He came to the surface, and the sweet air rushed into his open
mouth. He did not go down again. Quite as though it had been a
long-established custom of his, he struck out with all his legs and
began to swim. The near bank was a yard away; but he had come up
with his back to it, and the first thing his eyes rested upon was
the opposite bank, toward which he immediately began to swim. The
stream was a small one, but in the pool it widened out to a score of
feet.
Midway in the passage, the current picked up the cub and swept him
downstream. He was caught in the miniature rapid at the bottom of
the pool. Here was little chance for swimming. The quiet water had
become suddenly angry. Sometimes he was under, sometimes on top. At
all times he was in violent motion, now being turned over or around,
and again, being smashed against a rock. And with every rock he
struck, he yelped. His progress was a series of yelps, from which
might had been adduced the number of rocks he encountered.
Below the rapid was a second pool, and here, captured by the eddy,
he was gently borne to the bank and as gently deposited on a bed of
gravel. He crawled frantically clear of the water and lay down. He had
learned some more about the world. Water was not alive. Yet it
moved. Also, it looked as solid as the earth, but was without any
solidity at all. His conclusion was that things were not always what
they appeared to be. The cub's fear of the unknown was an inherited
distrust, and it had now been strengthened by experience. Thenceforth,
in the nature of things, he would possess an abiding distrust of
appearances. He would have to learn the reality of a thing before he
could put his faith into it.
One other adventure was destined for him that day. He had
recollected that there was such a thing in the world as his mother.
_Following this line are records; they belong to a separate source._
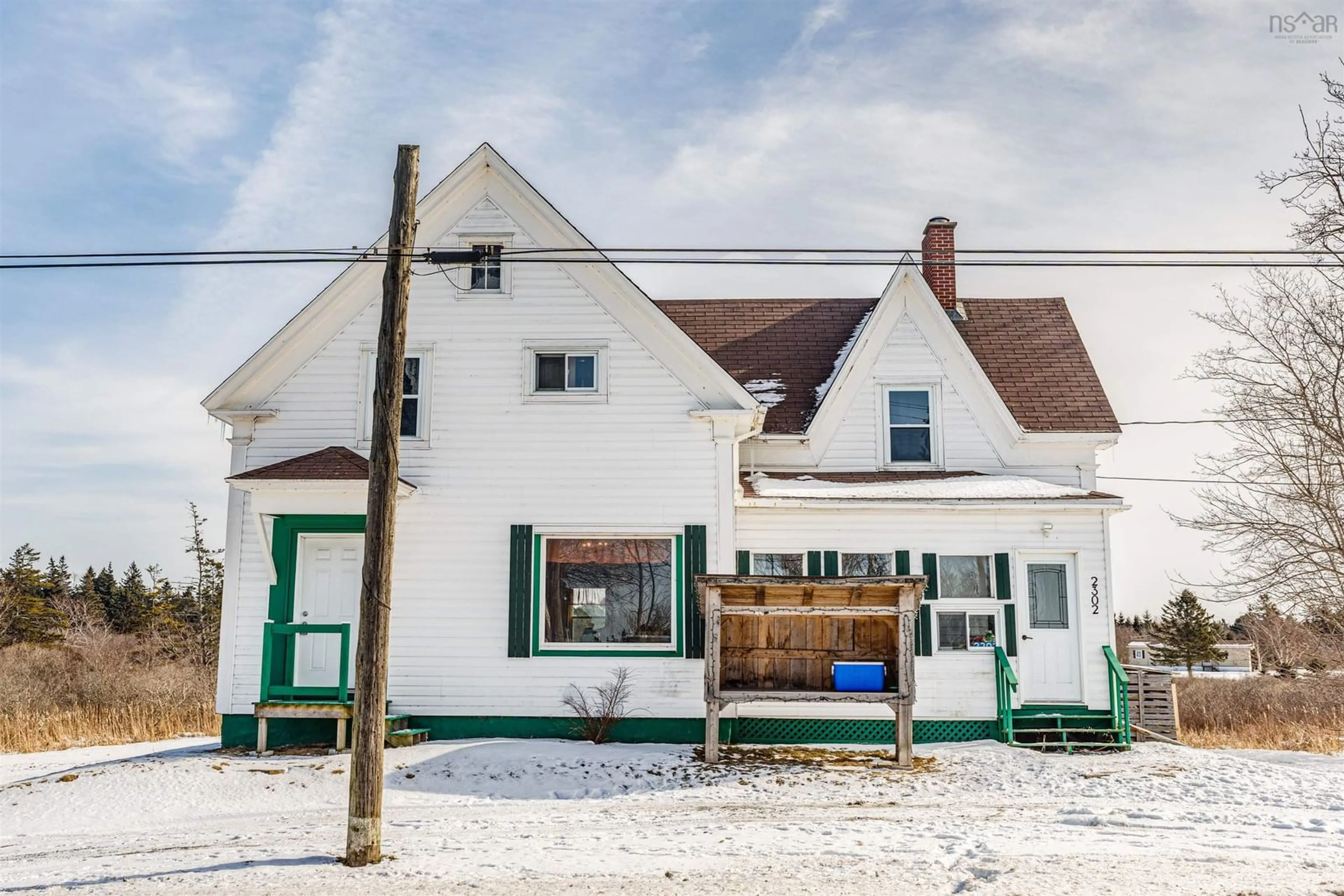 A pic from outside/outdoor area/front of a property/back of a property/a pic from drone, street for 2302 Highway 1, Grosses Coques Nova Scotia B0W 1M0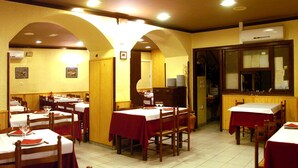 A restaurant with multiple tables, each covered with a red tablecloth and white tablecloths, wooden chairs, and a tiled floor. - Hostal Les Collades (Sort)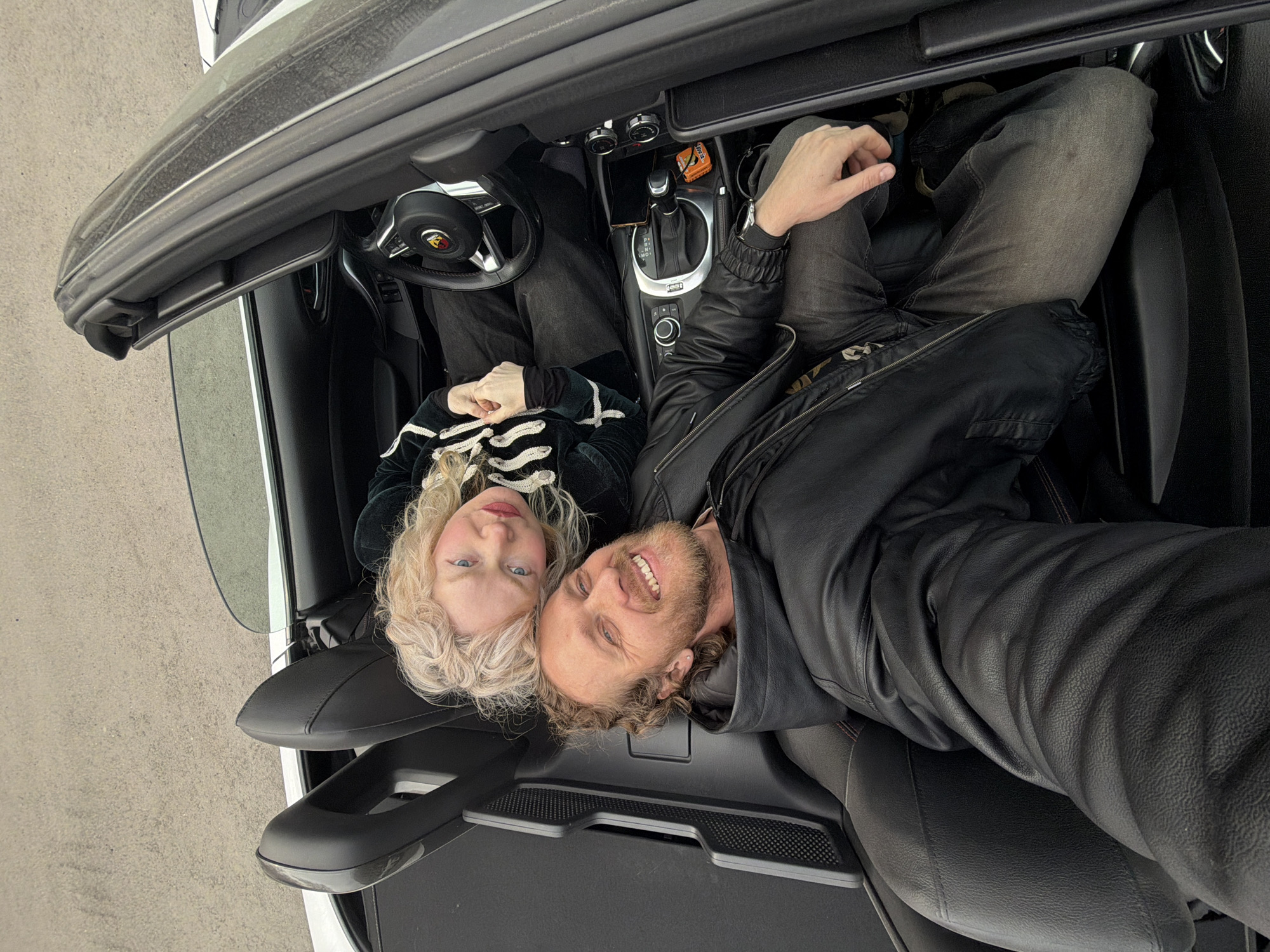 A low-angle, close-up photograph shows a couple in a car. The woman has blonde, curly hair and wears a black jacket with white stripes. The man has light brown, curly hair and a beard, and he wears a black leather jacket. Both are smiling and looking at the camera. The car's interior is visible, including the steering wheel, dashboard, and seats. The image provides no information about the city of Saint Petersburg, Russia.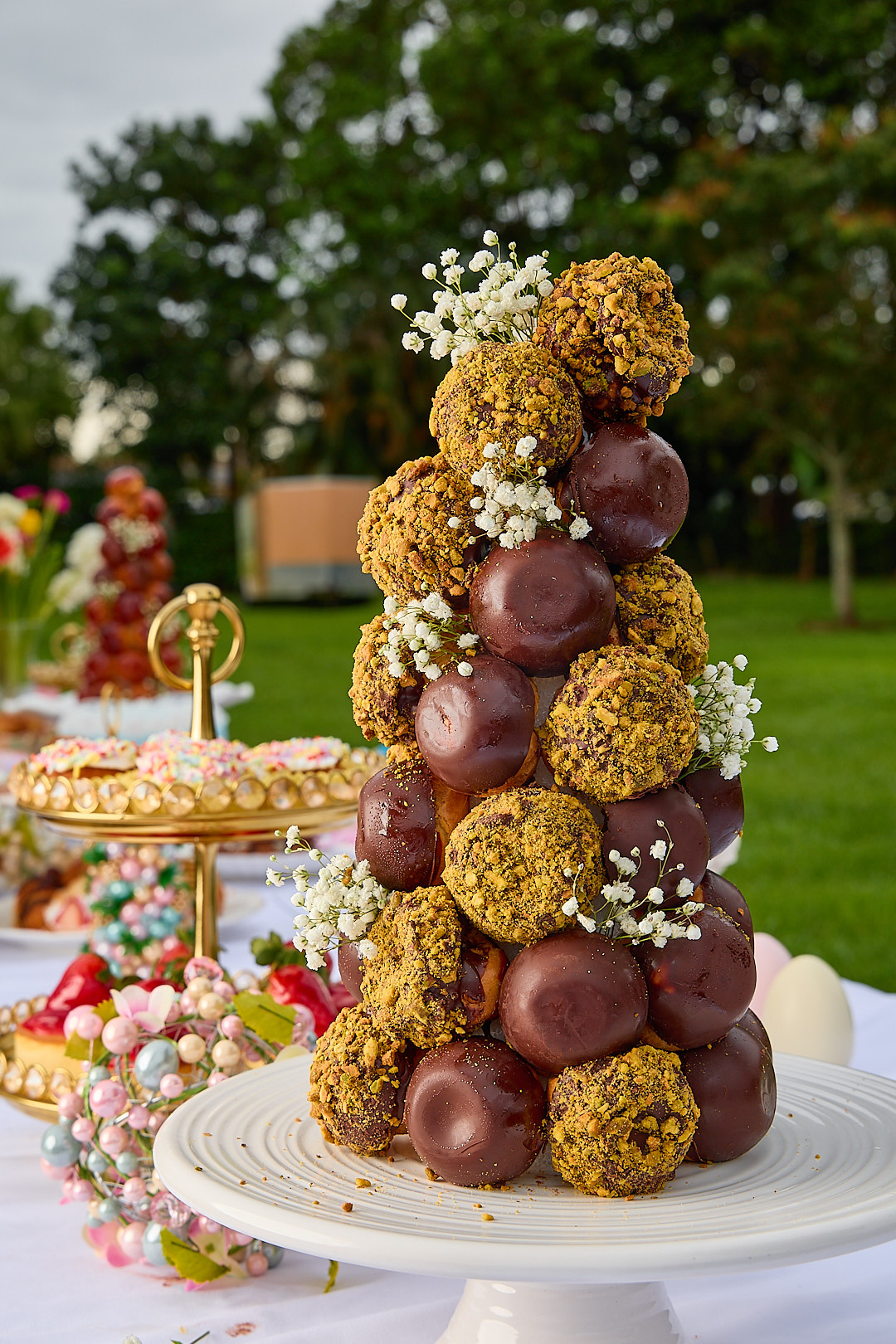 A tower of pistachio-crusted and chocolate-glazed profiteroles on a cake stand at golden hour.
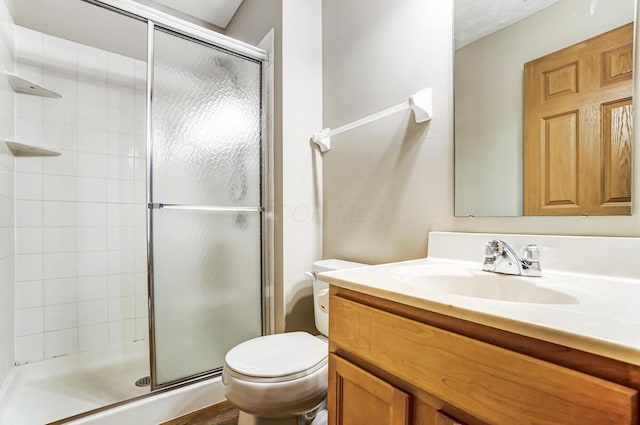 bathroom featuring vanity, toilet, and a shower with door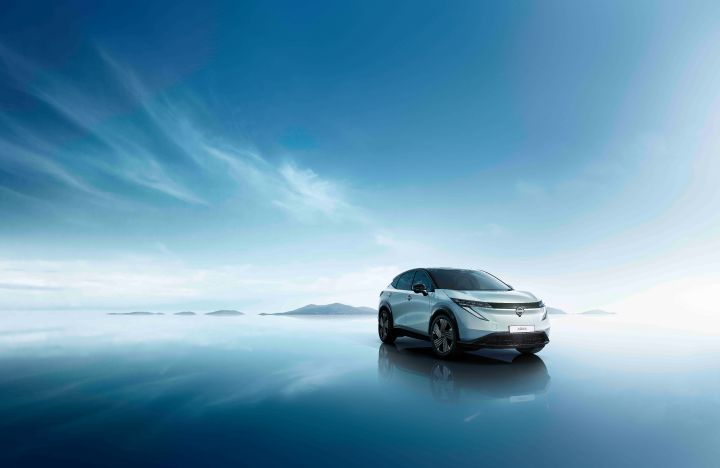 Angled right profile view of the 2027 Nissan ARIYA parked under a blue sky with a mountain range behind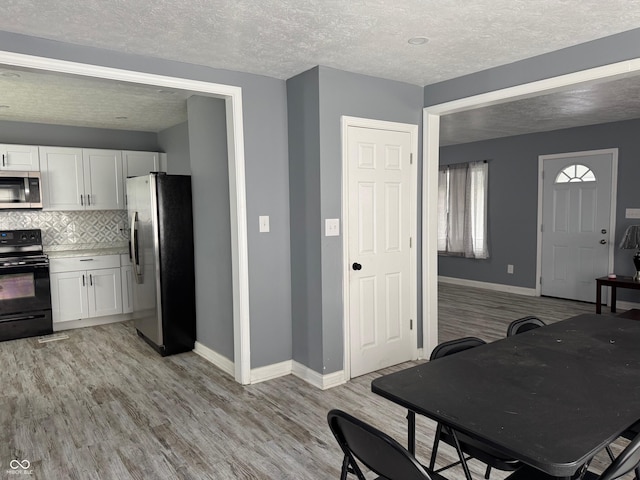 322 S Rural St, Indianapolis, IN 46201 - kitchen featuring stainless steel appliances, white cabinets, light wood finished floors, a textured ceiling, and baseboards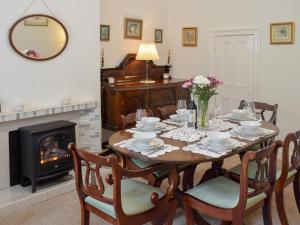 een eetkamer met een tafel met stoelen en een open haard bij Tarn House in Wooler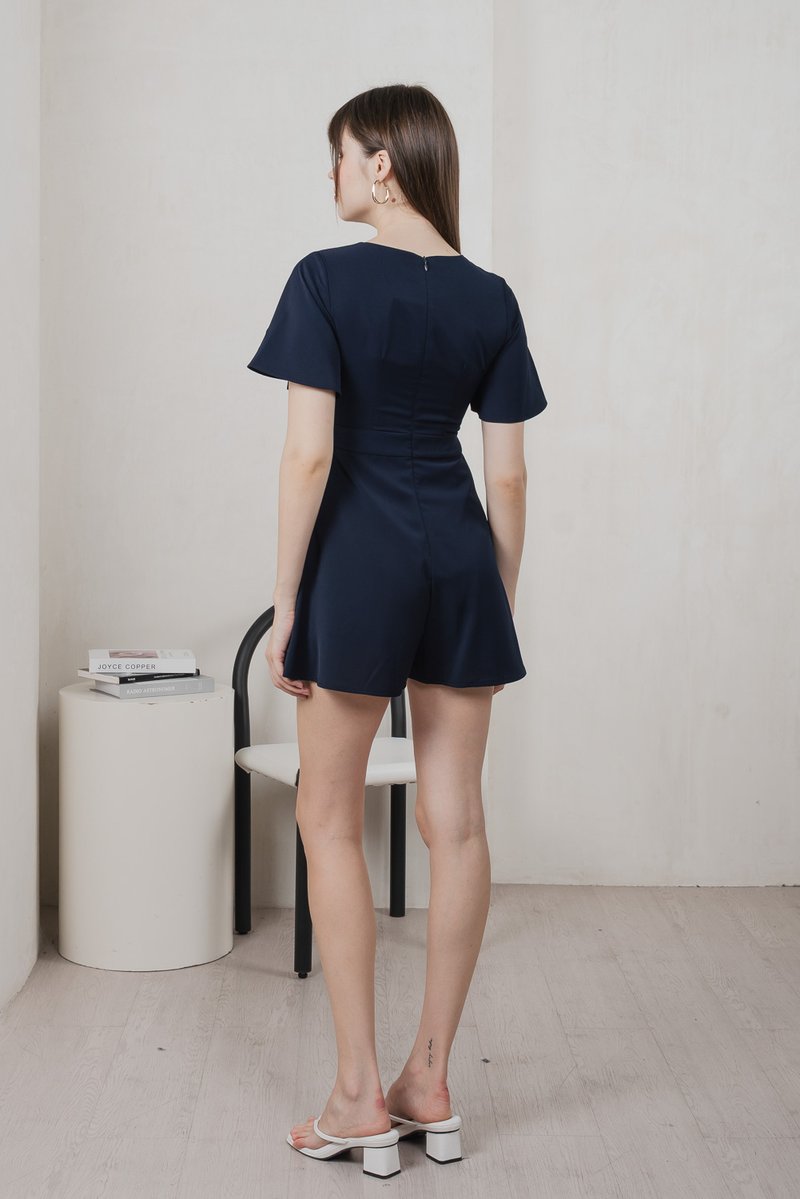 Fika Faux Wrap Dress Romper In Navy (XS)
And then there came to him a feeling that he wanted her more than
all the rest of the things in the world. Not only was his body tired
with the adventures it had undergone, but his little brain was equally
tired. In all the days he had lived it had not worked so hard as on
this one day. Furthermore, he was sleepy. So he started out to look
for the cave and his mother, feeling at the same time an
overwhelming rush of loneliness and helplessness.
He was sprawling along between some bushes, when he heard a sharp,
intimidating cry. There was a flash of yellow before his eyes. He
saw a weasel leaping swiftly away from him. It was a small thing,
and he had no fear. Then, before him, at his feet, he saw an extremely
small live thing, only several inches long- a young weasel, that, like
himself, had disobediently gone out adventuring. It tried to retreat
before him. He turned it over with his paw. It made a queer, grating
noise. The next moment the flash of yellow reappeared before his eyes.
He heard again the intimidating cry, and at the same instant
received a severe blow on the side of the neck and felt the sharp
teeth of the mother-weasel cut into his flesh.
While he yelped and ki-yi'd and scrambled backward, he saw the
mother-weasel leap upon her young one and disappear with it into the
neighboring thicket. The cut of her teeth in his neck still hurt,
but his feelings were hurt more grievously, and he sat down and weakly
whimpered. This mother-weasel was so small and so savage! He was yet
to learn that for size and weight, the weasel was the most
ferocious, vindictive, and te...
[Next page]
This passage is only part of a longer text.